The thrust of printing this article, from the viewpoint of the Otsego Herald, was to demonstrate the refusal of the Federalist Party to publish the truth.
Volunteerism Augusta, (Maine) July 31.
We mentioned last week the conflagration of Mr. Moses Judkin’s house, &c. Fayette. For the honor of the inhabitants of that town, we cheerfully give publicity to the following: Mr. J’s house was consumed early in the morning of the 17th last (Tuesday) — The next day the citizens generally volunteered for the purpose of erecting a new one, and on Thursday afternoon a frame was raised on the former foundations, forty feet by thirty-two. By Saturday evening it was boarded and shingled, and the floors laid, and the house finished in such a manner as to be comfortable for the family, who took possession the Monday following.
COMMENT: Moses Judkins (ca. 1771-1824), described as a ``yeoman,’’ came from New Hampshire and was an early settler in Fayette, Maine. He married and raised seven children, and also served (for 16 days!) in the Militia during the War of 1812. A brief New York Times article, published in 1890, described Judkins’ funeral ``sixty years ago’’ at which four gallons of rum were dispensed to the thirsty pall-bearers.
Major Earthquake in Crete Extract from a letter dated Smyrna (Syria), February 16, 1810. ``About midnight I experienced a considerable shock of an earthquake... I have since learned that the same earthquake was felt, in all its terrific force, in the Island of Candia (the ancient Crete).

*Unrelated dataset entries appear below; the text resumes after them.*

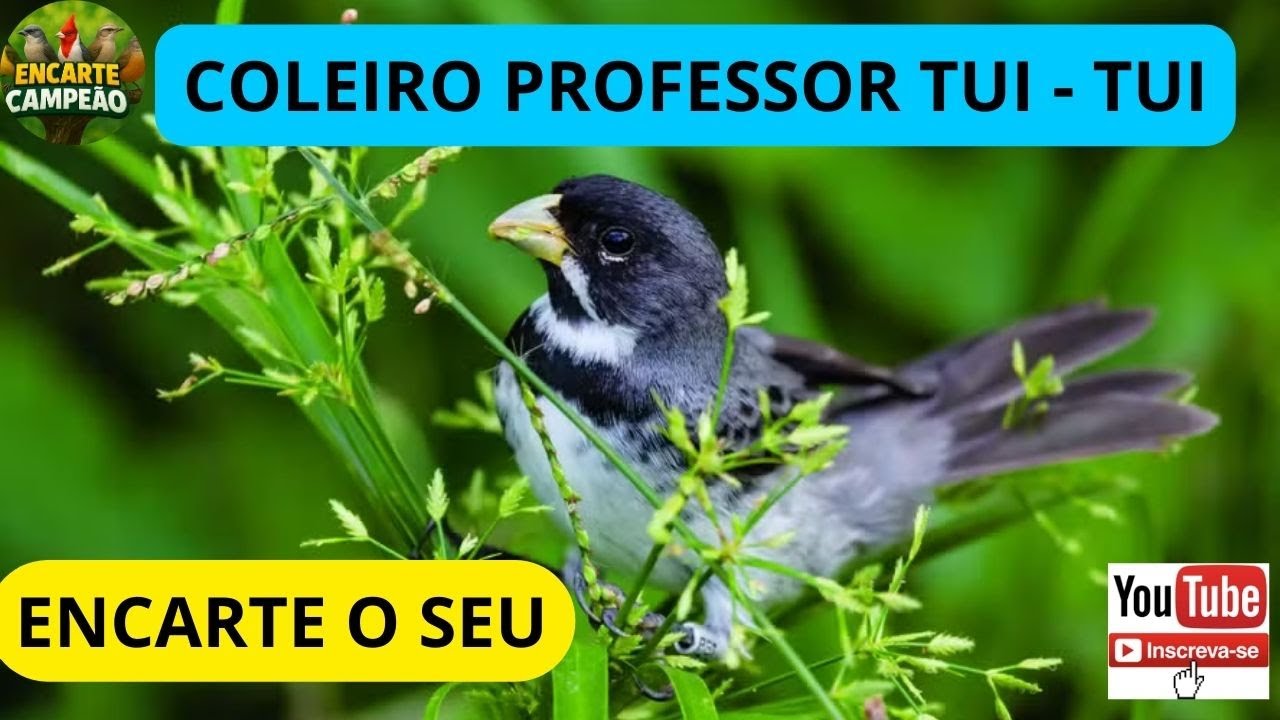 COLEIRO PROFESSOR TUI TUI ENCARTE CAMPEÃO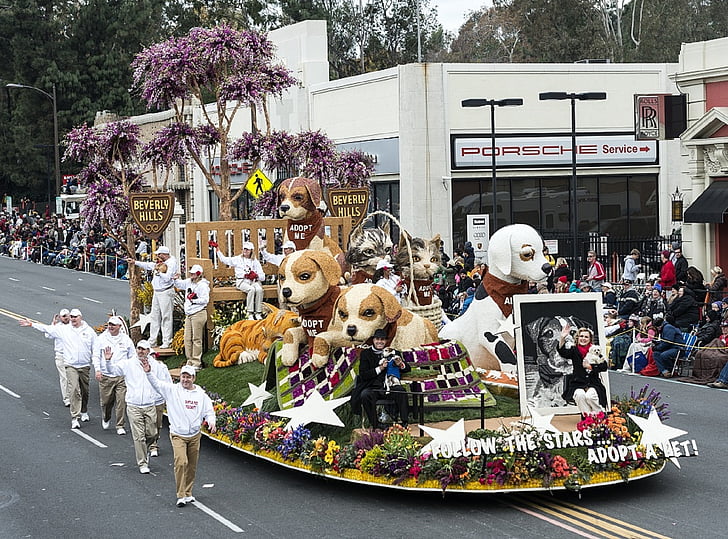 parade, float, hunde, blomstermotiver, Rose parade, Street, farverige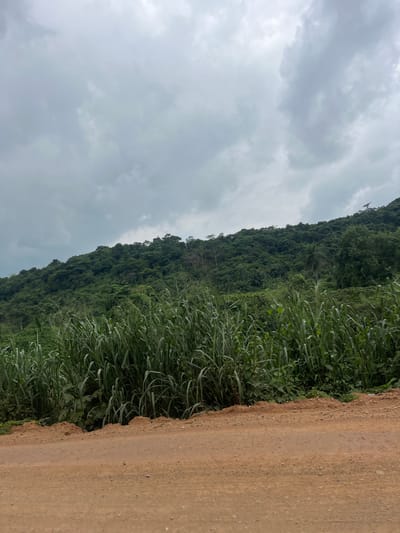 A dirt road in Efon Alaaye, Nigeria, stretches across the bottom of the frame. To the right of the road is a dense growth of tall green grasses. Behind the grasses, a lush green hillside rises, covered in trees and vegetation. The sky above is overcast with heavy, grey clouds.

``—- That the greater part of the city of Candia, and all its fortifications, are entirely destroyed, and a destructive fire raging at the same time, added to the misery of the wretched inhabitants.
``—- That eight villages in the neighborhood of Candia are but heaps of rubbish, and many thousand people buried in the ruins of their own dwellings, drowned in the rush of water, or perished by the fire, for it seems as if all the elements had conspired in vengeance against this unhappy Island.

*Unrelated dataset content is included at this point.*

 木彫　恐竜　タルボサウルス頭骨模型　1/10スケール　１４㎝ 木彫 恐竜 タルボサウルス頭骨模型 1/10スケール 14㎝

``The olive fields are destroyed, and the most luxuriant part of this beautiful island exhibits at present but one wide waste of ruin, devastation, and death.
``The earthquake has been (as letters which are received mention) felt in Cairo, Alexandria, Malta, Sicily, and in all the Islands of (the Greek) Archipelago, in many of which it has thrown down houses, and done other damage.’’
COMMENT: The Greekowned island of Crete, in the eastern Mediterranean, has suffered from many earthquakes.
The 1810 earthquake (estimated at 7.2 on the Richter scale), was followed by two large aftershocks, and created a tsunami — the ``rush of water’’ referred to in this article. It caused over 2,000 deaths in Crete, and wreaked damage all over the eastern Mediterranean.
Storm in North Carolina Wilmington, (N.C.) July 24. On Sunday during a very violent thunder storm in this town, the lightning struck the tenement houses, occupied as stores, by Messrs. C. Nichols, and Harris and Saunders.
It descended the chimneys and set fire to two puncheons of rum, which soon put both stores, with their contents, in a general blaze. Efforts were made, but in vain, to extinguish the fire and save the property.
The conflagration continued with unabating fury, consuming five houses on Market street, until it reached the first range of brick buildings, belonging to Mr. J. F. Burgwin, to which it did considerable injury, but the lofty and solid wall of brick which its eastern end presented, put an effectual stop to the further progress of the fire.
The property destroyed is estimated at 8000 dollars. Itis somewhat remarkable that the houses struck, are low and situated in the lowest part of the town.
COMMENT: Throughout the 19th century, fire remained an enormous danger in urban areas, where it could spread rapidly and where fire-engines were primitive.